- **Listed entries**:

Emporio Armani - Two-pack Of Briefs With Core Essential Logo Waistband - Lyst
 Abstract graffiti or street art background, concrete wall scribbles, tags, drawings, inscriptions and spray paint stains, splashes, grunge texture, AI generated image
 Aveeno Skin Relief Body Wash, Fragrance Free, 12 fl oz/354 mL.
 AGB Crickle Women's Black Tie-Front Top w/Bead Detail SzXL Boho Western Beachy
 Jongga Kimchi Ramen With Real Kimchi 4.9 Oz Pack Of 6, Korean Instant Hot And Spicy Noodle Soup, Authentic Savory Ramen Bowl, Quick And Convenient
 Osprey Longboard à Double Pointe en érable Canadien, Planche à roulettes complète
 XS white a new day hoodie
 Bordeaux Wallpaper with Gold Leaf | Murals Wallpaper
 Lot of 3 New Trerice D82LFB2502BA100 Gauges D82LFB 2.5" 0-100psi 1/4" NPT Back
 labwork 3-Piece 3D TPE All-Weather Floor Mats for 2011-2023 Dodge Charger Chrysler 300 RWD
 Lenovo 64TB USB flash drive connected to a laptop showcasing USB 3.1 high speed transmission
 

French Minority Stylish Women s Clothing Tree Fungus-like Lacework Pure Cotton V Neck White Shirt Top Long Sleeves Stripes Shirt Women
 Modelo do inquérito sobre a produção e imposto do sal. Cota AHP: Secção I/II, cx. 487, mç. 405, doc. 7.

- **What you have to do**:
Look through the entries above and report the number of lines that contain "Women". Write only the number.

- **Result of this task**:
2